A maioria desses refugiados estão no Brasil motivados por perseguição e questão de guerra nos seus países. É o caso do músico Leonardo Matumona, de 26 anos, que chegou no Brasil com 17 anos. Aos 8, saiu do Congo e morou na Angola até os 17, quando veio para o Brasil morar com a sua irmã mais velha em São Paulo. “Meu pai era ativista político, então a nossa família sempre foi perseguida pelo governo ditador. A gente se mudou para a Angola e a perseguição continuou, o que fez meu meus pais me mandarem para o Brasil. Tenho muita vontade de voltar para o meu país, mas tenho o Brasil como minha segunda pátria, pois tudo o que conquistei está aqui”. Desde muito cedo, Leonardo sempre cantou. Durante uma apresentação, foi convidado por Carlinhos a fazer parte da orquestra Mundana Refugi em 2014. “Eu nem lembro quando comecei a cantar. Parece que nasceu comigo. Eu sempre cantei. Comecei cantando na igreja muito novo e nunca parei. Cantar é a minha paixão”, diz o músico.
“Foi uma questão musical e política na escolha dos músicos”
Com a experiência de viajar por 43 países em busca de histórias que revelassem a cultura de cada povo, Carlinhos lidera um grupo com 19 integrantes de idiomas e dramas diferentes. Antunes conta que quando foi recrutar os músicos para fazerem parte da orquestra, prezava mais pela questão política e cultural do país de origem da pessoa, do que pela experiência na música. “Não queria músicos com carreira, eu queria pessoas com expertises e origens diferentes. Queria pessoas que tivessem dispostas a mostrar a própria cultura e aprender a do outro. Essas pessoas saem do seu país de origem por um impedimento de vida por questão econômica. É um sistema que os oprime”.

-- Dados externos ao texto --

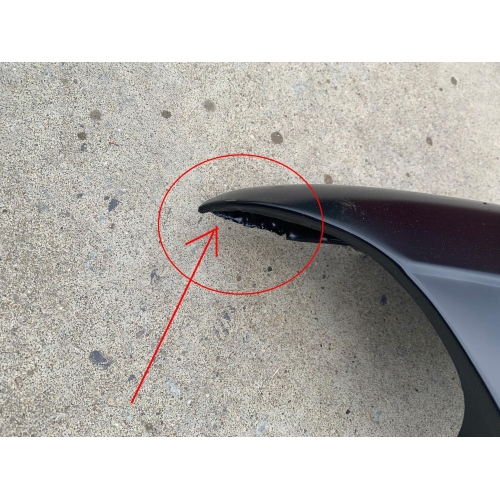 Aripa fata Bmw Seria 3 E36, 12.1990-1995 Model Coupe , partea Stanga, cu gaura pentru semnalizare, 41358122235, 200701-1 ; PUTIN DETERIORATA LA COLT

O diretor da orquestra conta que sua relação com a música começou muito cedo, aos 7 anos, e deste então, ele nunca mais se viu sem sua paixão. “A música para mim é muito importante, comecei a me relacionar com ela na escola e por isso defendo a arte nas escolas, pois serve para abrir a mente das pessoas. Foi o que aconteceu comigo”, relata.

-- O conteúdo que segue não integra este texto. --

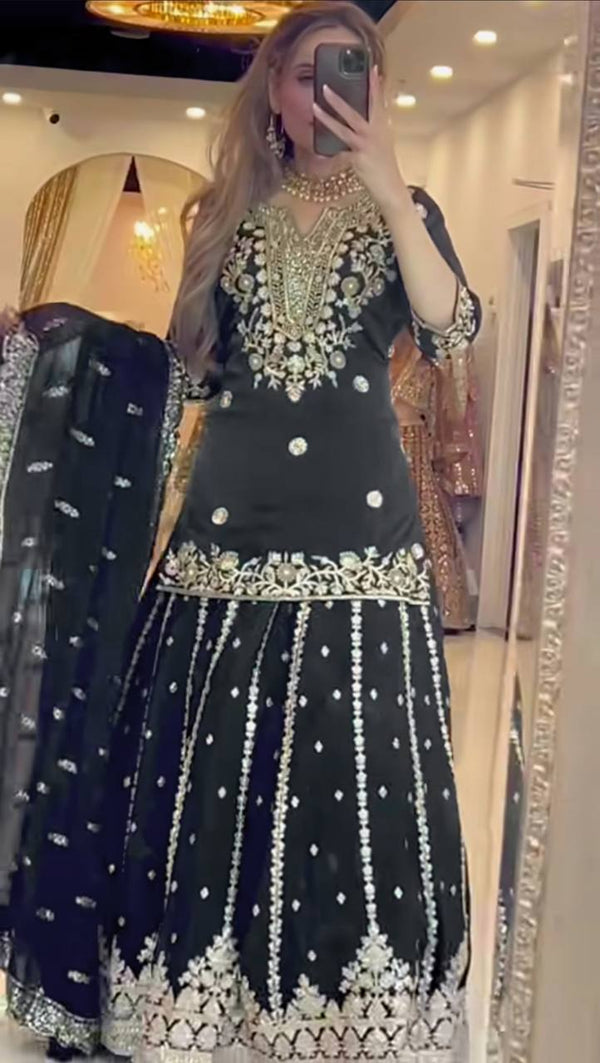 Chic Reflections The Art of Selfie Sophistication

Segundo Leonardo, as oportunidades para refugiados brancos no Brasil são maiores do que para negros. Formado em automação industrial, o músico trabalha como programador além de cantor. Leonardo formou um quarteto composto por músicos congoleses em 2014, onde através da música consegue mostrar a cultura da África. “Tudo que é ruim é atribuído à África e ao negro e não é essa a realidade. Nas minhas músicas eu abordo as questões reais que o Brasil não conhece da África, como a parte da realeza, cultura, arte, costumes. Existe também o refúgio fome, guerra, perseguição, etc. e eu me inspiro nisso para compor”.